▶ _WHAT YOU NEED TO DO_
Print the lines below from the line with "自然の中で最も神秘的な物質-ラジウム、1903。 作： Alfred" to the line with "Sample Amazon Lambda function response" exactly, keeping both ends, and print no pictures.

▶ _INFORMATION SHOWN_
####################

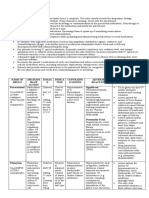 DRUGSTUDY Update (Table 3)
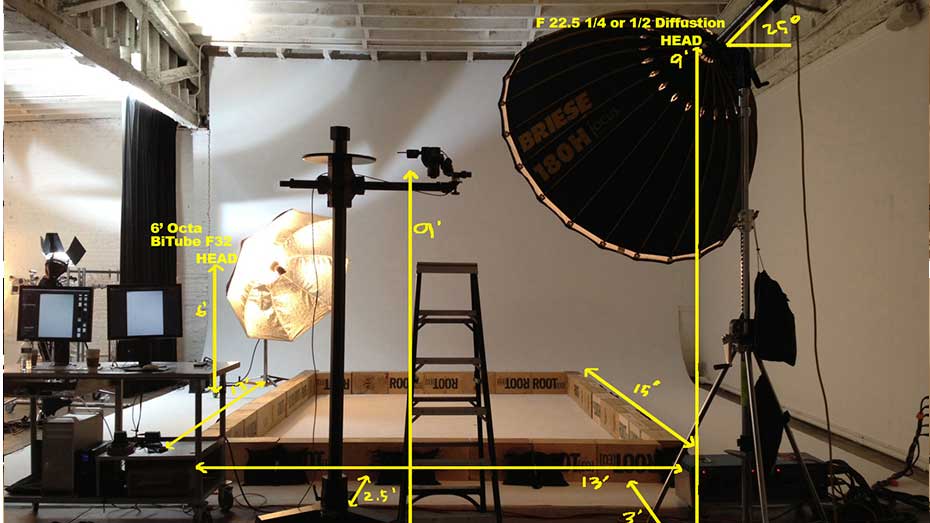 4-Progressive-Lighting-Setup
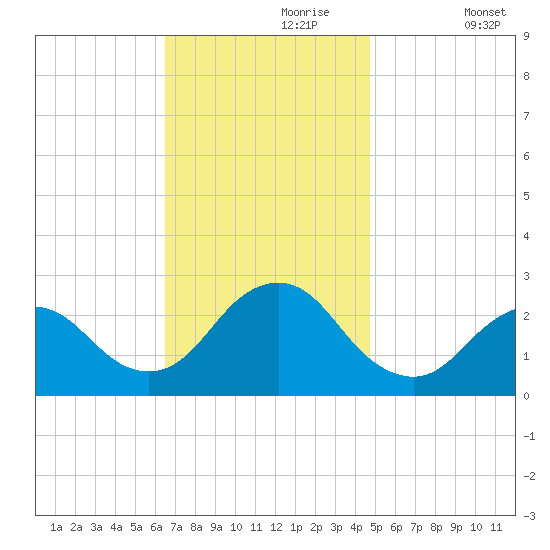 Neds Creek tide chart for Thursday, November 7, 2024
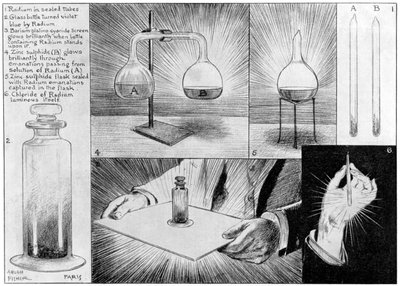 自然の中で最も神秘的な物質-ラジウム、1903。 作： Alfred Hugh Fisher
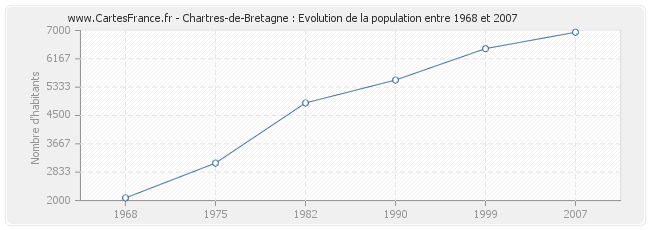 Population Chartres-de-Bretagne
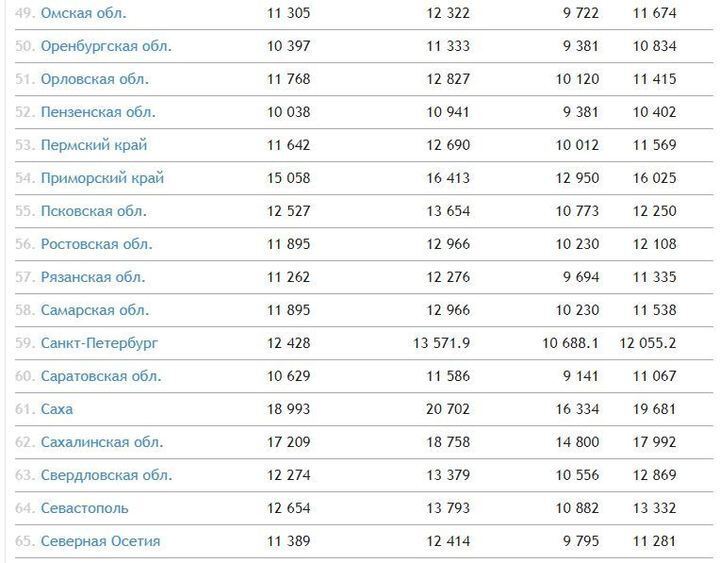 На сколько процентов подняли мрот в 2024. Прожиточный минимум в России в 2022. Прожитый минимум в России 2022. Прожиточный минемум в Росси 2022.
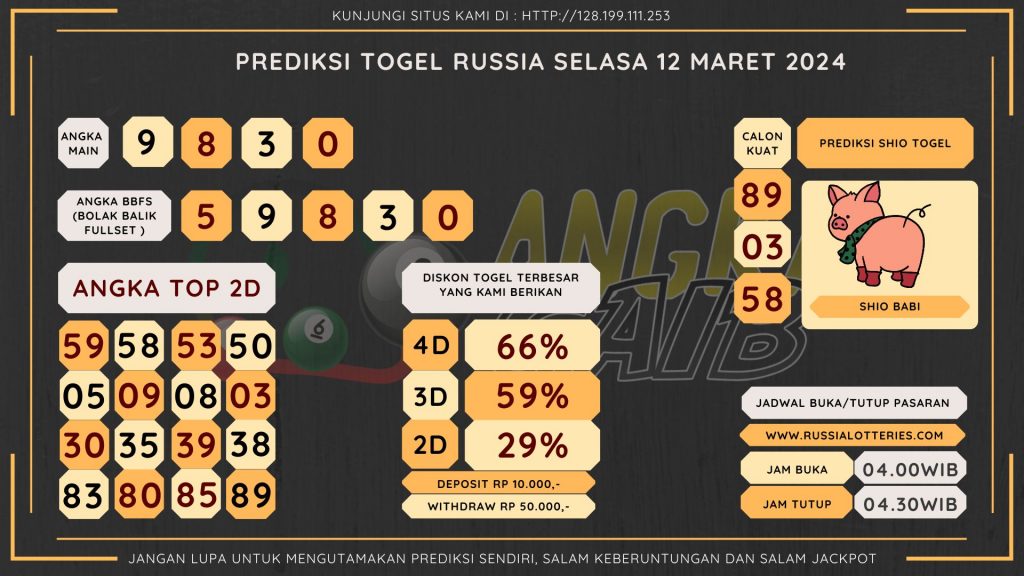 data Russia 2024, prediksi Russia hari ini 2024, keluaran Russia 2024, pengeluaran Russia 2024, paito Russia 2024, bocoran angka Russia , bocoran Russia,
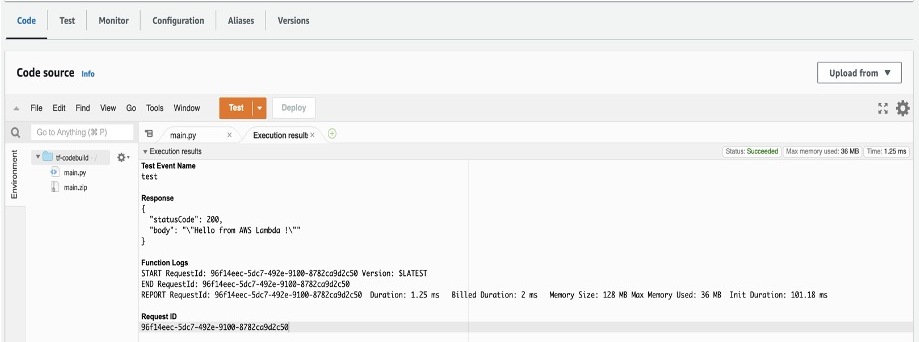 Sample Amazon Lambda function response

####################

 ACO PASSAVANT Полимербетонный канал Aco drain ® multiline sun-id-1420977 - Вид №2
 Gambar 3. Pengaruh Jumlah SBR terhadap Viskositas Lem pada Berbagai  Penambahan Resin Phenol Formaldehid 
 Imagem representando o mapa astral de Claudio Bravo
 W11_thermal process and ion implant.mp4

####################

▶ _YOUR SOLUTION_
 自然の中で最も神秘的な物質-ラジウム、1903。 作： Alfred Hugh Fisher
 Population Chartres-de-Bretagne
 На сколько процентов подняли мрот в 2024. Прожиточный минимум в России в 2022. Прожитый минимум в России 2022. Прожиточный минемум в Росси 2022.
 data Russia 2024, prediksi Russia hari ini 2024, keluaran Russia 2024, pengeluaran Russia 2024, paito Russia 2024, bocoran angka Russia , bocoran Russia,
 Sample Amazon Lambda function response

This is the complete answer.